Quando a nova modelagem for concluída, os códigos serão disponibilizados para que alunos de graduação e pós-graduação possam explorar mais possibilidades, como desenvolvimento de games ou apps. "A inovação é uma característica das universidades. Imagine, por exemplo, imprimir uma destas obras para que deficientes visuais possam tocá-las."

Na verdade, já existe uma experiência de jogo e de exposições e passeios virtuais, mas que foram feitos com uma digitalização anterior e bem mais simples, em parceria com a Escola de Comunicações e Artes (ECA-USP). O app surgiu em um desafio do festival Games for Change, e retrata uma guerra entre humanos e robôs, em que você precisa proteger o museu de um exército com inteligência artificial do futuro.

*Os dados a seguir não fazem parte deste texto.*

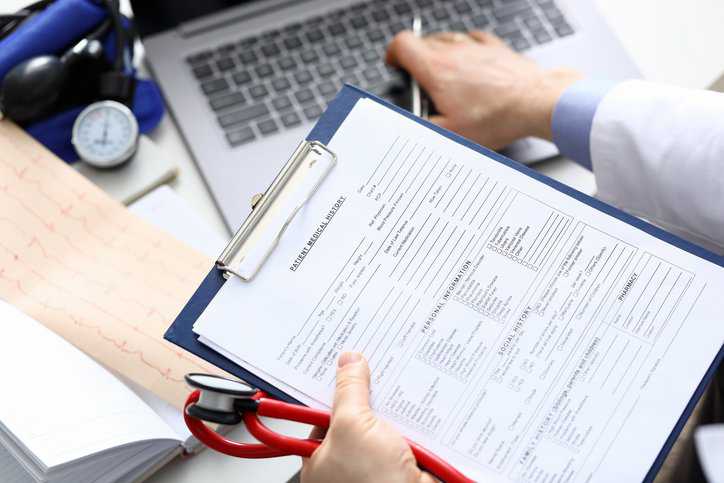Doctor fills out patient's data, taking into account patient diagnoses. Healthcare facility adheres to ANSI/NEMA SC 1-2020 in order to safeguard patient data and privacy.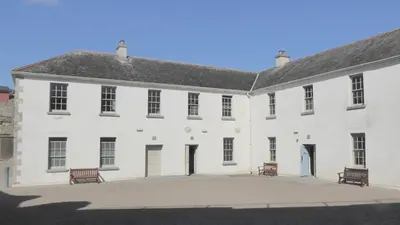 The white walls of the courtyard buildings inside Dungarvan Castle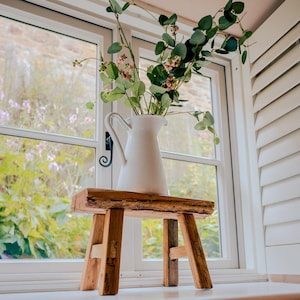 May include: A white ceramic jug with a handle is placed on a small, rustic wooden stool. The jug contains green and pink floral stems. The stool is in front of a window overlooking a garden.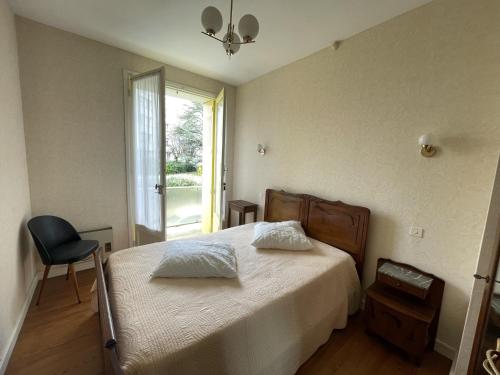 une chambre avec un lit avec une chaise et une fenêtre dans l'établissement Maison F6 en centre-ville de Royan, à 150m de la plage, avec garage et jardin - FR-1-71-55, à Royan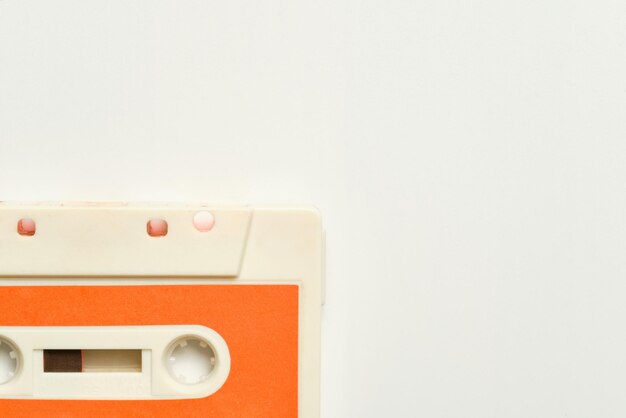 Detail of white old cassette tape with orange label in a corner of the photo on white background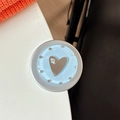 Macro detail of heart-shaped magnetic phone grip with mine text on blue polka dot base - Matte Silver Magnetic - Dopamine Small Heart Mirror / Blue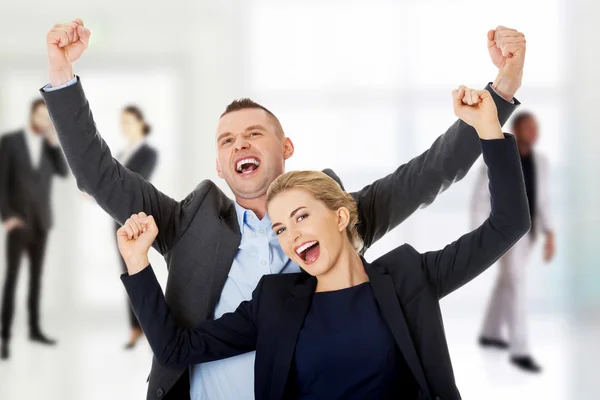Successful business couple laughing. — Stock Photo, Image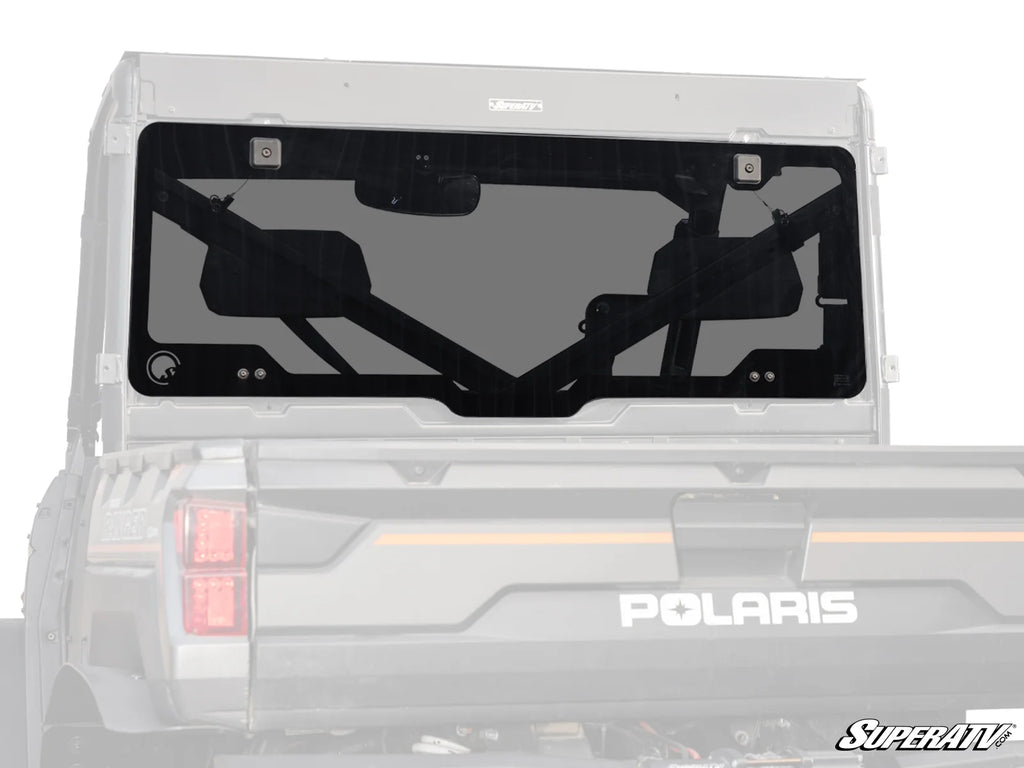 A Polaris Ranger XP 1000 Rear Glass Windshield with black trim is installed on the back of a gray Polaris off-road vehicle, featuring visible hinges, handles, and the SuperATV logo in the lower right corner.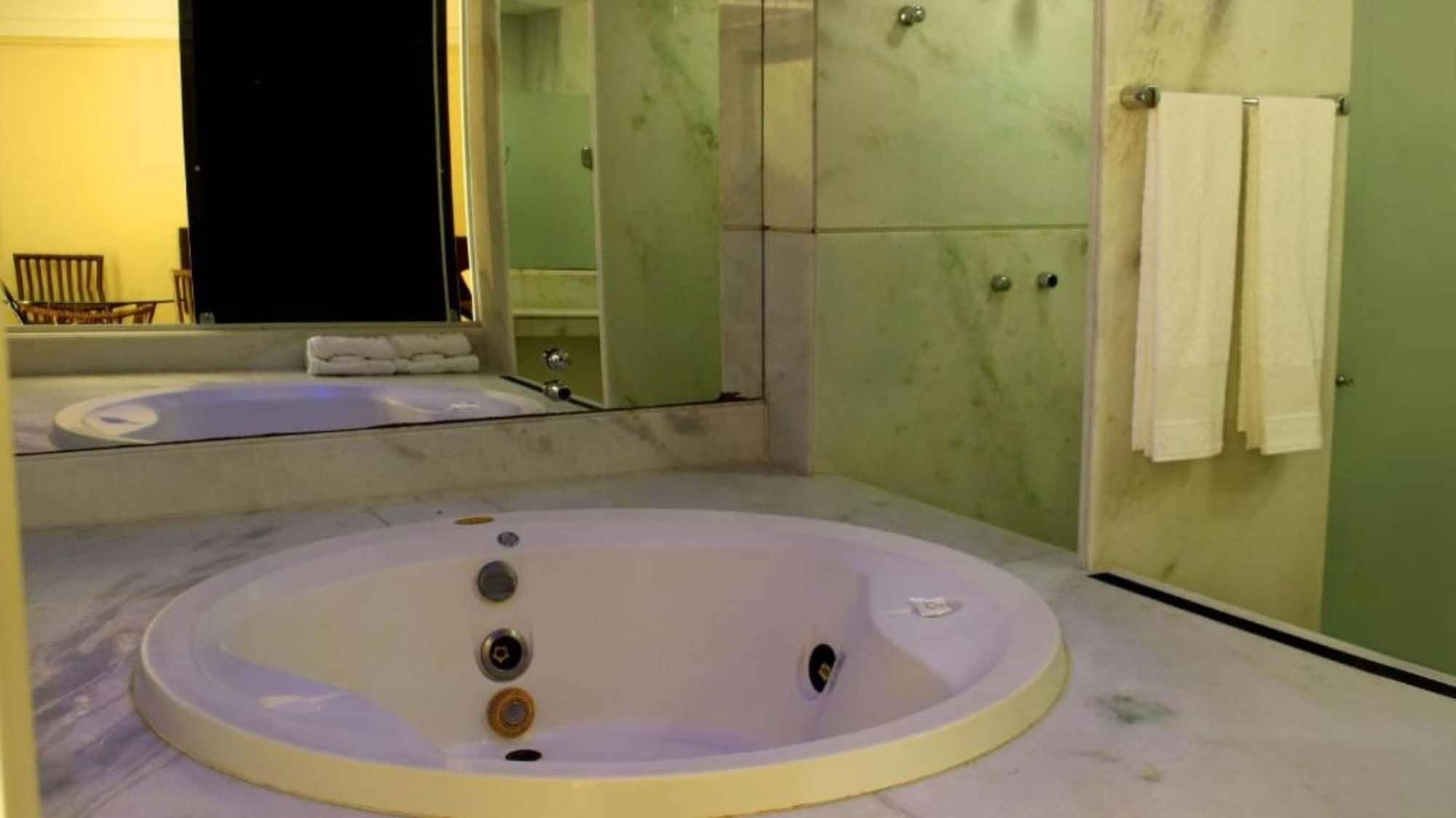 Un baño con una bañera grande, un espejo y un perchero para toallas.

"Há, inclusive, um conceito do mundo de games que você começa com o mundo, todo ele, e vai dando zoom e aumentando o nível de definição", lembra Pedro Luis Soethe Cursino, gerente técnico de vendas da Autodesk Brasil. "Posso chegar no nível de detalhe da curvatura da base de um pilar, mas também posso disponibilizar todas estas informações de uma forma relativa para que pessoas que não são engenheiros nem arquitetos possam contemplar o ambiente."

"Estamos construindo uma memória que vai ficar para sempre", garante. Algo particularmente importante e louvável nestes tempos de queda no investimento em cultura, em que museus carecem de manutenção e perdem acervos inestimáveis em incêndios, infiltrações e outros problemas.